- Opening Delimiter -

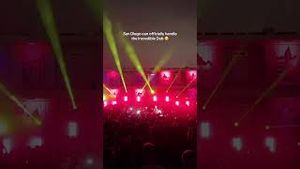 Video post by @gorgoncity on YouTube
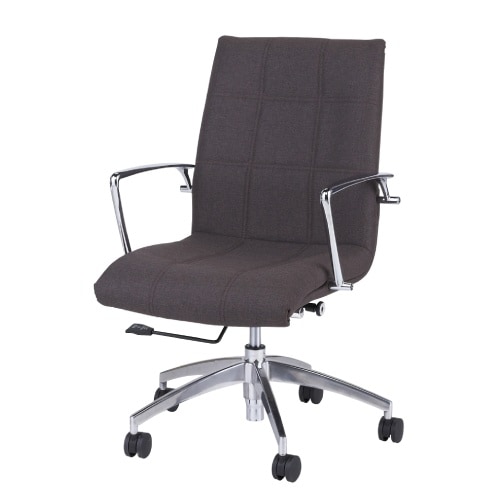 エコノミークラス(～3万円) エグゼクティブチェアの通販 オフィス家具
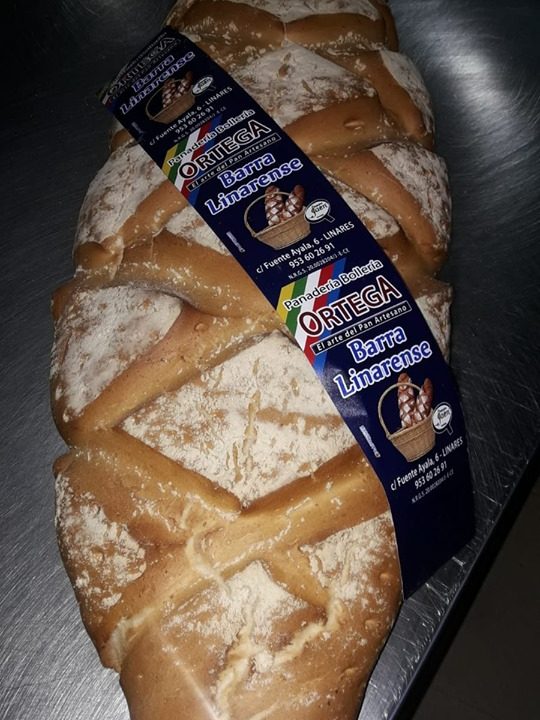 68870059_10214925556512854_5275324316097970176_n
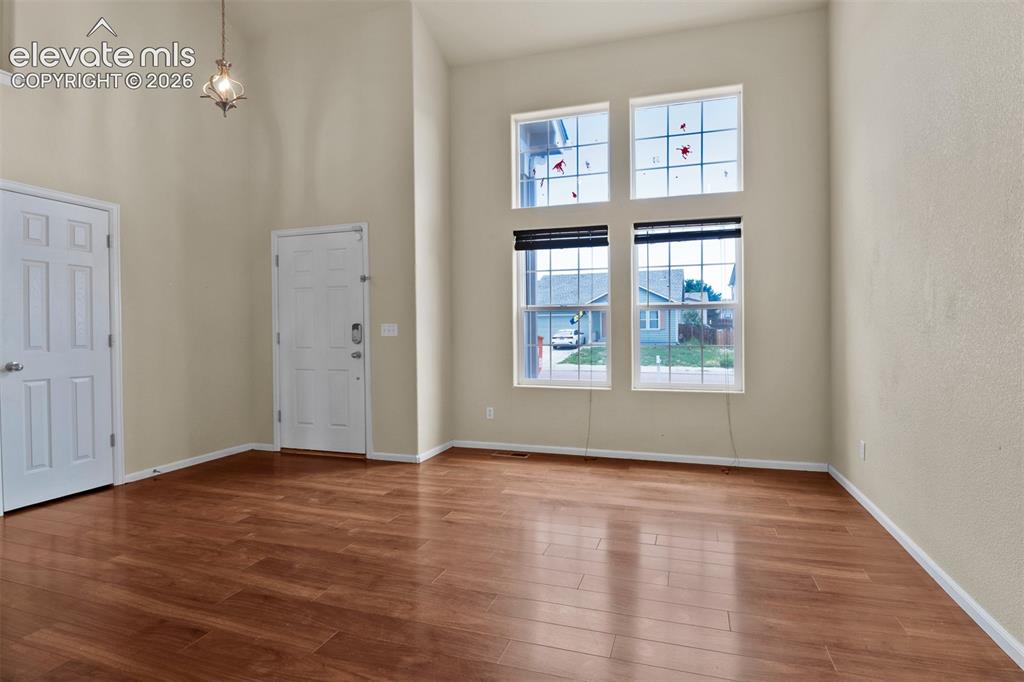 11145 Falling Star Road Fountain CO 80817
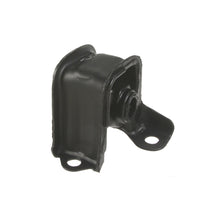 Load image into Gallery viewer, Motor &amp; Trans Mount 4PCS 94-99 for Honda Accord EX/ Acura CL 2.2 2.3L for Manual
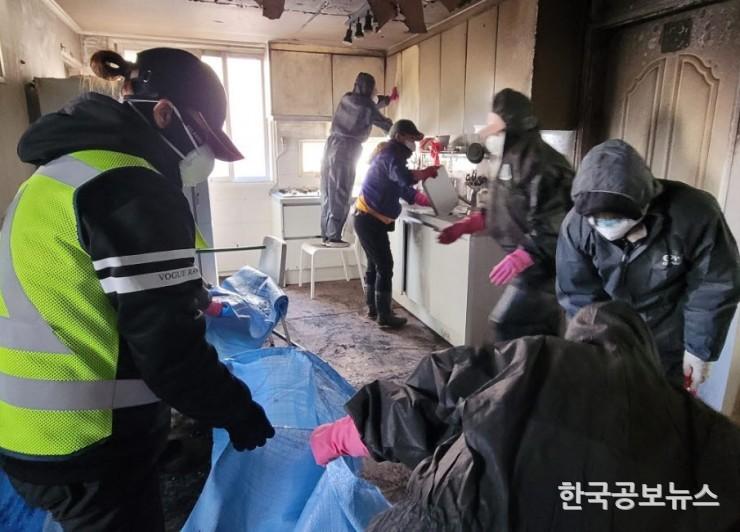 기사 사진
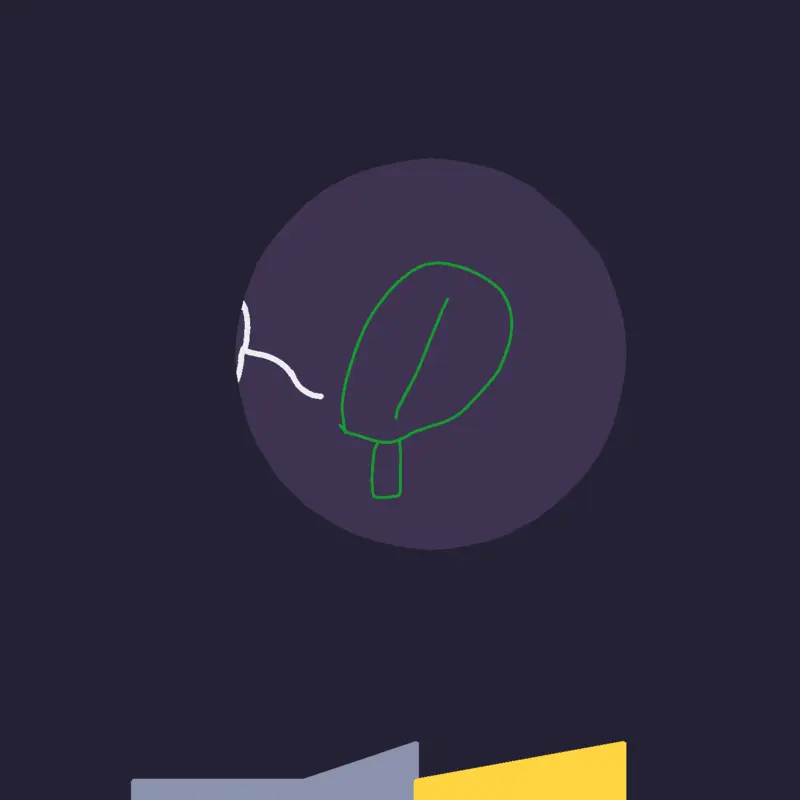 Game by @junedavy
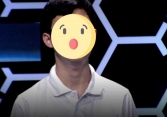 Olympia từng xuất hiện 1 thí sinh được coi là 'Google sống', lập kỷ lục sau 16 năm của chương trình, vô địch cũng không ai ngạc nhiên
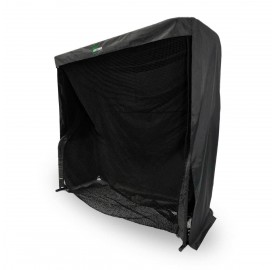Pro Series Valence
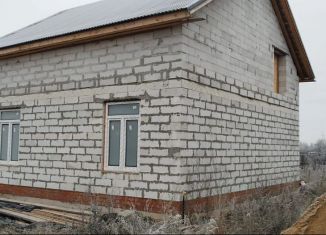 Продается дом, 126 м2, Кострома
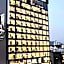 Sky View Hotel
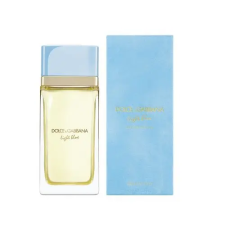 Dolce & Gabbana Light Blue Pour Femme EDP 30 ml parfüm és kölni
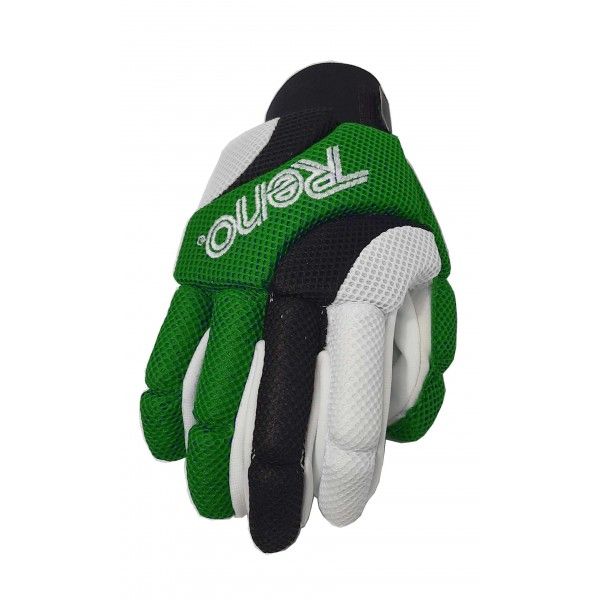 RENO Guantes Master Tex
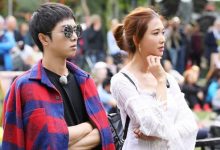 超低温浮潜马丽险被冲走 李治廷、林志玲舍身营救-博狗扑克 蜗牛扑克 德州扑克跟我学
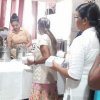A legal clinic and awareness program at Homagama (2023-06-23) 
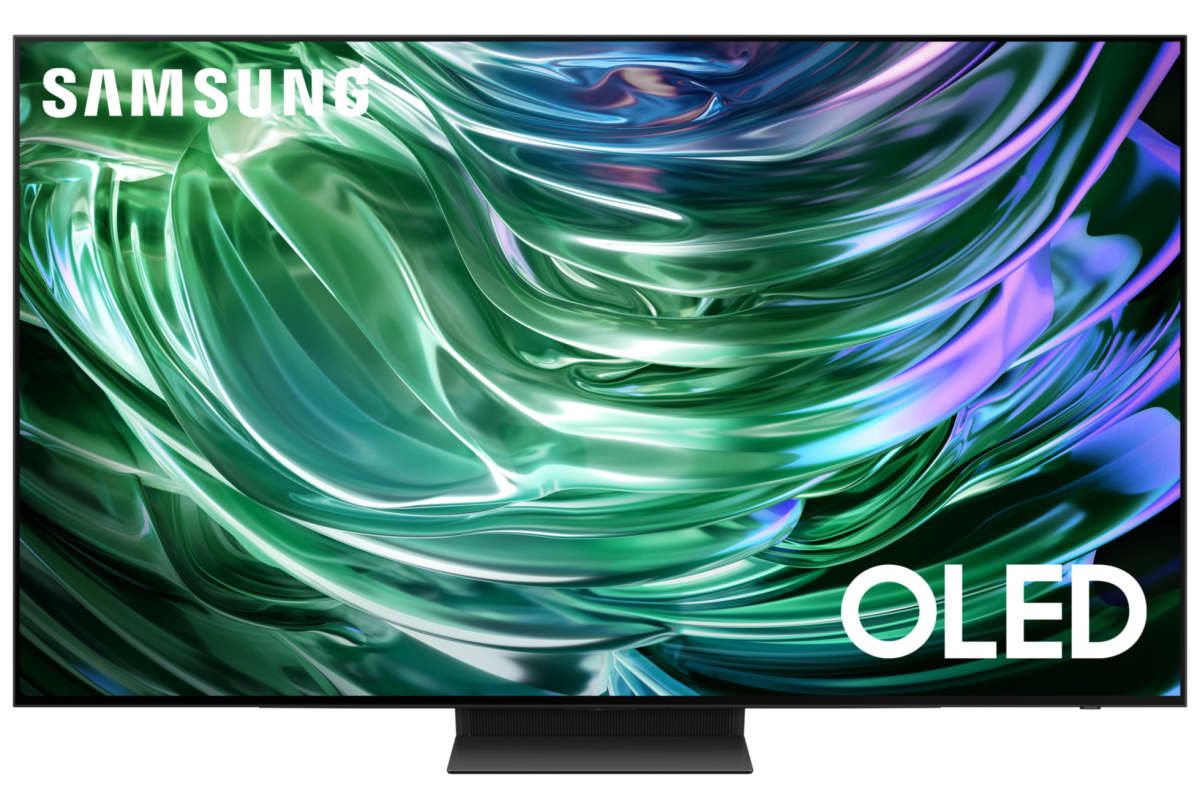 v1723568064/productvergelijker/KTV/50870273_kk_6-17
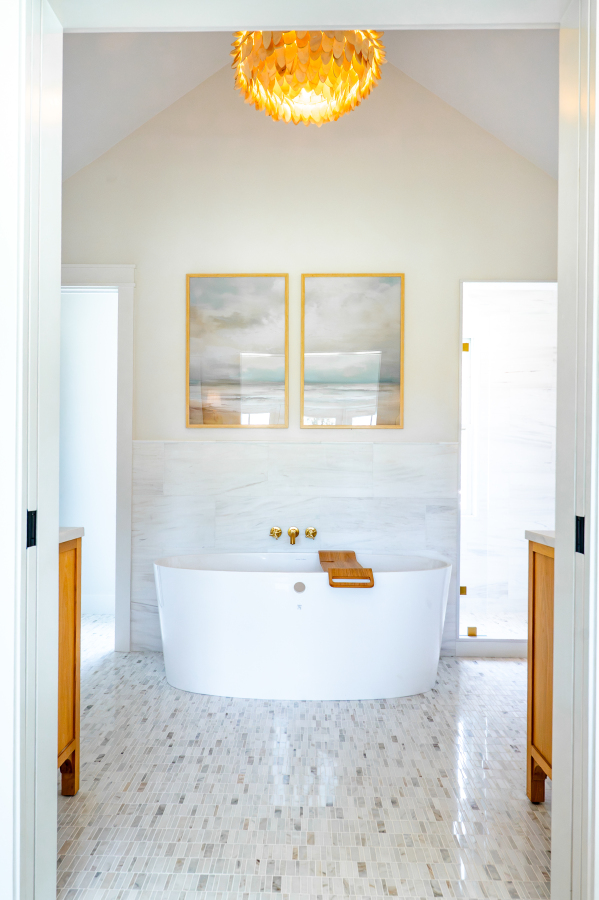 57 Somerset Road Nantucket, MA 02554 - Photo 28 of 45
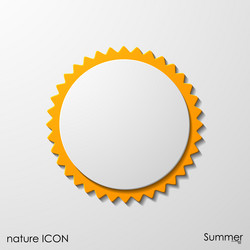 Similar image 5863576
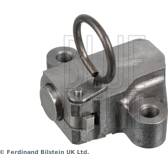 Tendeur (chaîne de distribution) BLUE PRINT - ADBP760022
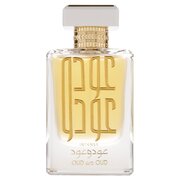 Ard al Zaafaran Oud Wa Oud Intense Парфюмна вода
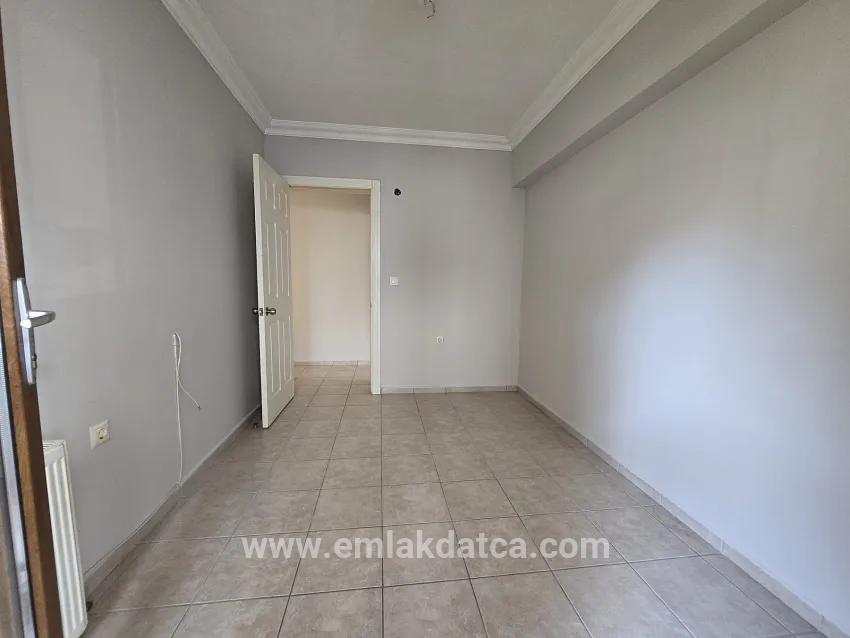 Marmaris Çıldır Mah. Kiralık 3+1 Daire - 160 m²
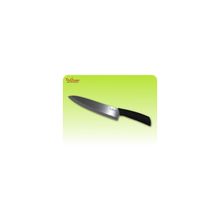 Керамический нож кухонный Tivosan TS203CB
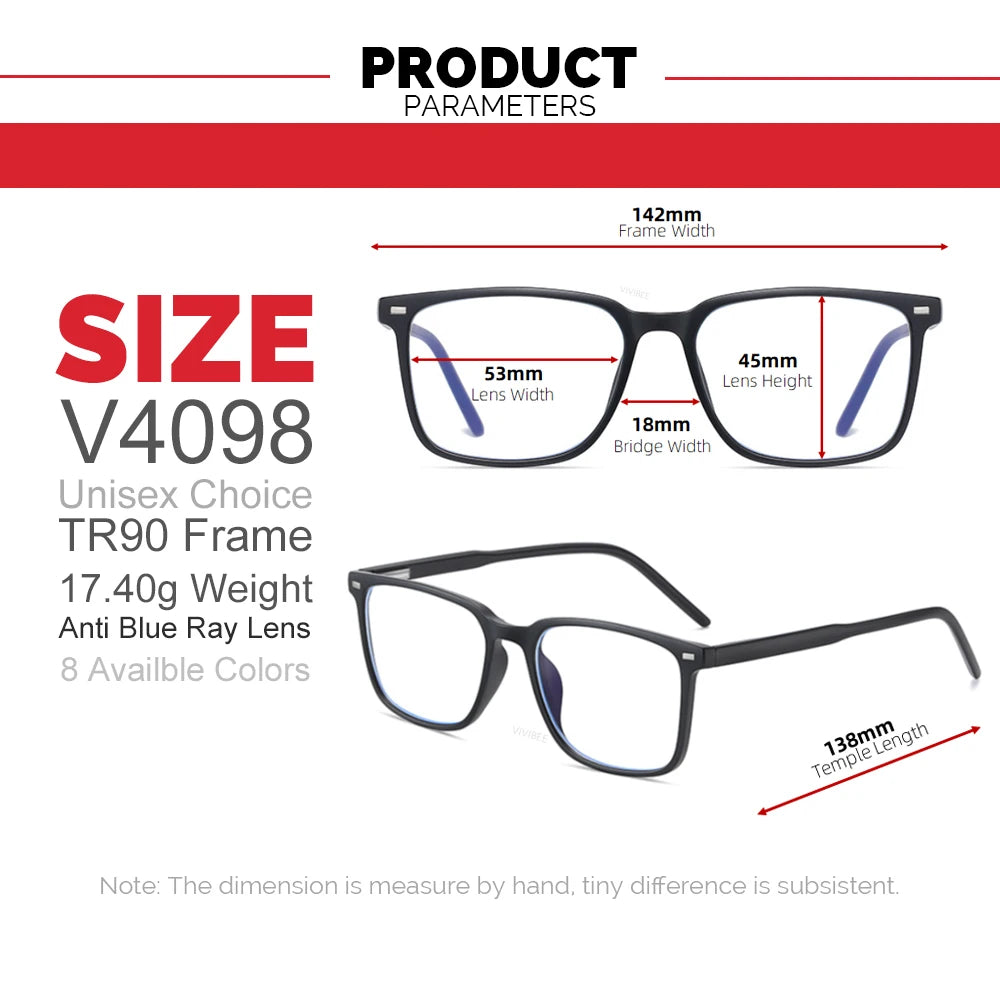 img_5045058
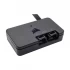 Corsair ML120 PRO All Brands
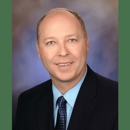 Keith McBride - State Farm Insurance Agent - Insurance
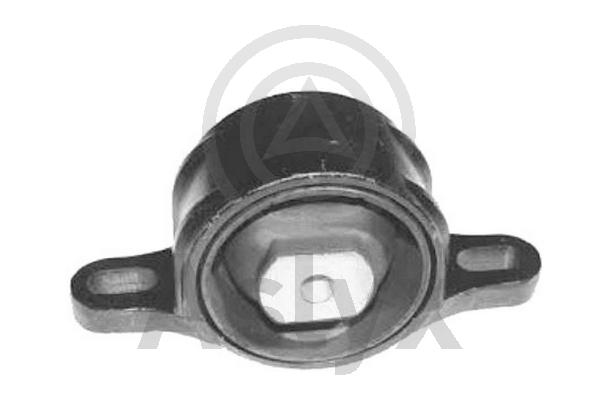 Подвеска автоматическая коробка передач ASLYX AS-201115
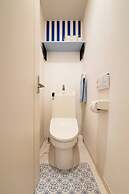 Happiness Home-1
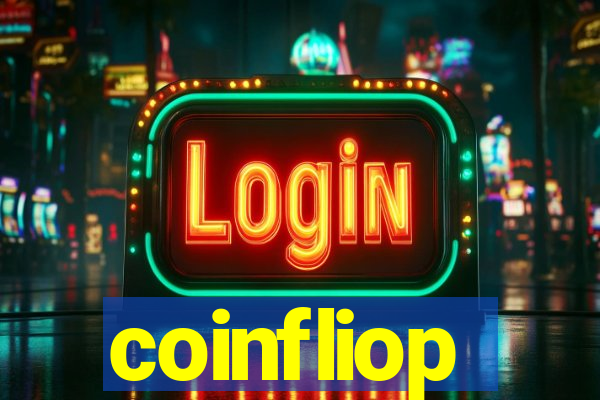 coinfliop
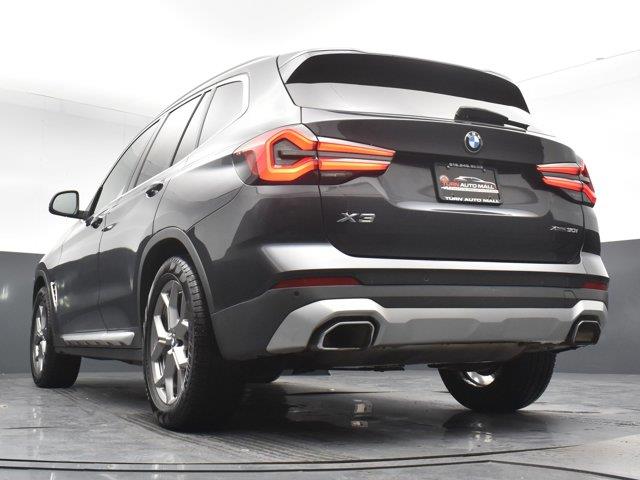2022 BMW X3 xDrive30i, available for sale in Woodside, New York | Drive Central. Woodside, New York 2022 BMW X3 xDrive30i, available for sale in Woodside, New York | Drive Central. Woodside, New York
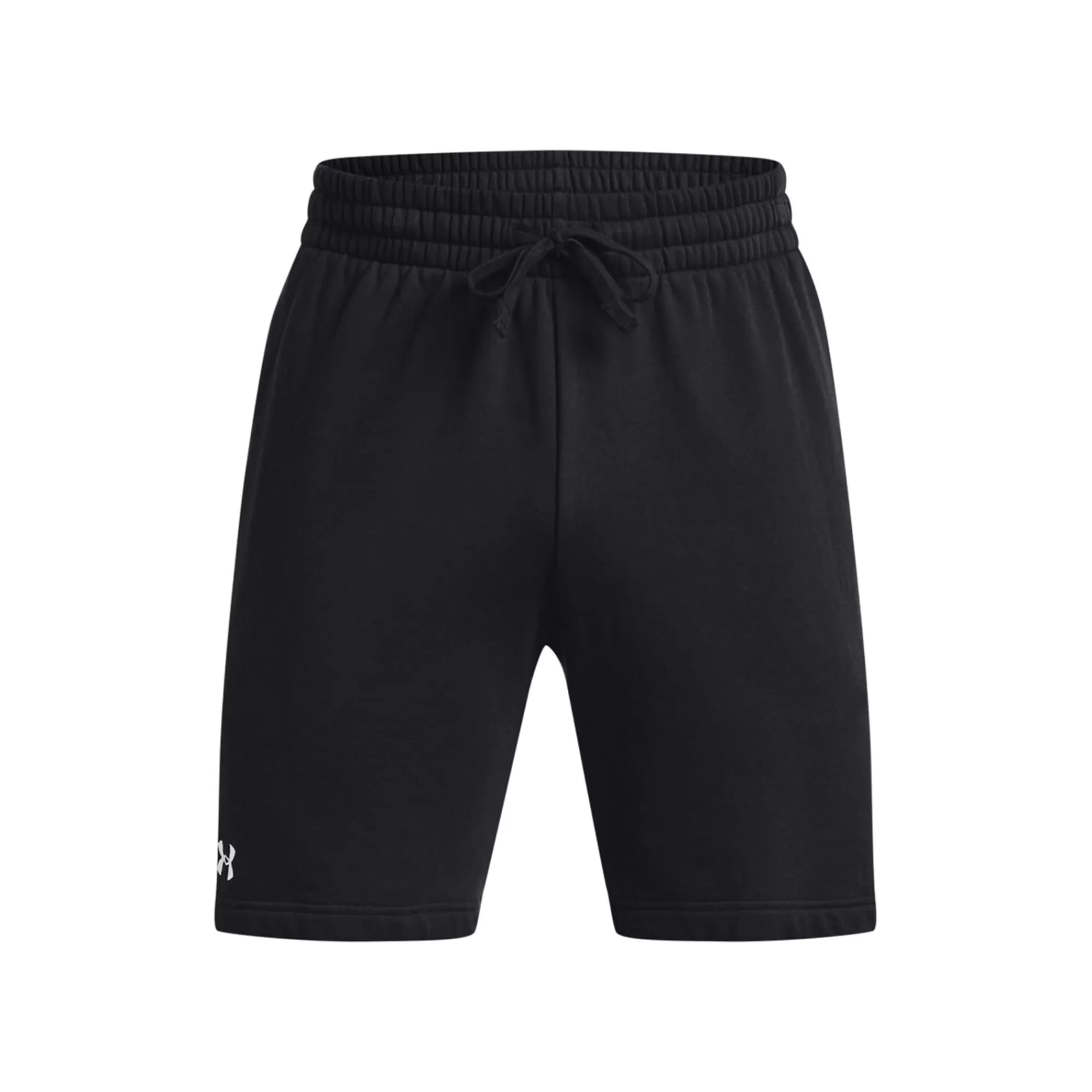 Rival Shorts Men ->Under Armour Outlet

- Closing Delimiter -

Leave every picture out and write out exactly the lines from the line with "Keith McBride - State" through the last line of the material.

 Keith McBride - State Farm Insurance Agent - Insurance
 Подвеска автоматическая коробка передач ASLYX AS-201115
 Happiness Home-1
 coinfliop
2022 BMW X3 xDrive30i, available for sale in Woodside, New York | Drive Central. Woodside, New York 2022 BMW X3 xDrive30i, available for sale in Woodside, New York | Drive Central. Woodside, New York
 Rival Shorts Men ->Under Armour Outlet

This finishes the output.